Rasmussen was entered in October's Danish Open and in the recent Indonesian
Open. However, he had to withdraw from both a week before the Danish
competition because of a training injury to his left knee.
1998 has been a bad year for the world champion from Denmark. He injured an
ankle in an unusual fashion in mid-February. While warming up for a match
at the Thomas Cup preliminary tournament in Norway, he twisted his ankle
severely and was unable to compete in the team event.
The injury caused him to miss the prestigious All-England Open as well as the
Swedish and Swiss Opens.
He was sufficiently recovered to enter the European championships in April
where he reached the semifinals. However, the effort, specially in the
marathon quarterfinal match against England's Mark Constable, aggravated the
ankle injury and he severely strained his Achilles tendon. He was unable to
continue in the tournament and was forced to give a walkover in the semifinals
to teammate Peter Gade.
Despite the recurrence of the injury, he was named to Denmark's Thomas Cup
Final side. He was not sufficiently recovered and fit, though. In Denmark's
tie against Hong Kong, he played the third singles against Liu Kwok Wa and
was defeated in three games 14-18, 15-6 and 10-15.
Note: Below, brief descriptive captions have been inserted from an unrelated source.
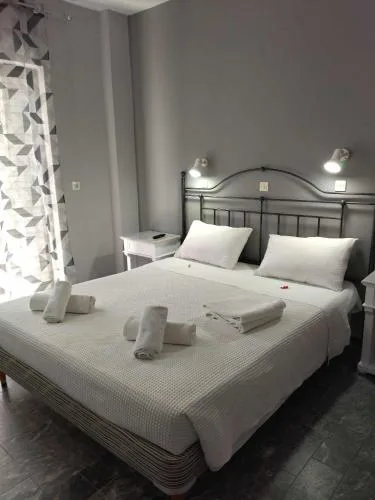 COSY Living Apartment 2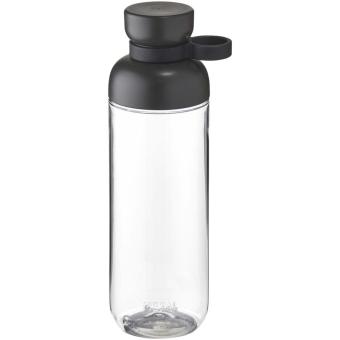 Mepal Vita 700 ml tritan water bottle Coal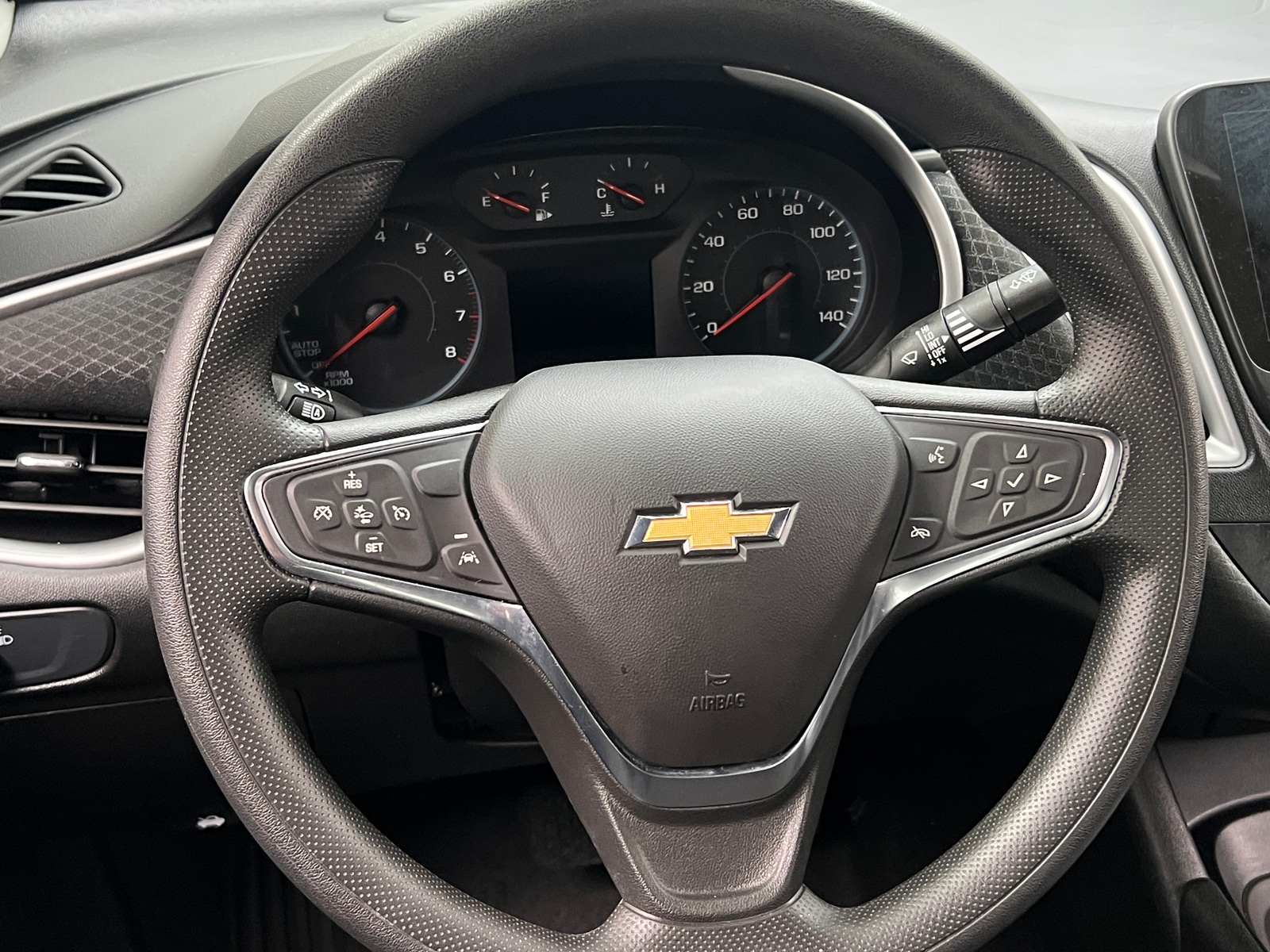 Thumbnail: 2024 Chevrolet Malibu - 5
Rasmussen was not fielded again during the Thomas Cup Finals. In his stead,
the Danes named the less-experienced and less dynamic Kenneth Jonassen to play
in the third singles slot.
The reigning world champion is definitely out of the race for a spot in the
World Grand Prix Finals slated for January in Jakarta and he is also in danger
of not even qualifying for the world championships scheduled for mid-May in
Denmark. He will have to reach the semifinals of the major tournaments in
early 1999 if he is to book a berth at the world championships and have a
chance to match the near-legendary Chinese player Yang Yang as the only person
to win the world men's singles championship of badminton twice.
The injuries are also costing Rasmussen money. The Danish player has one of
the richest endorsement contracts in the sport with one of the badminton
racquet manufacturers. The contract is said to have a maximum payout value in
the million-US-dollar range. However, a great part of the payments is based on
performance and world ranking. With his world ranking at number 54 and his
inability to compete due to injury, Rasmussen is not getting paid many of the
bonuses in his endorsement contract.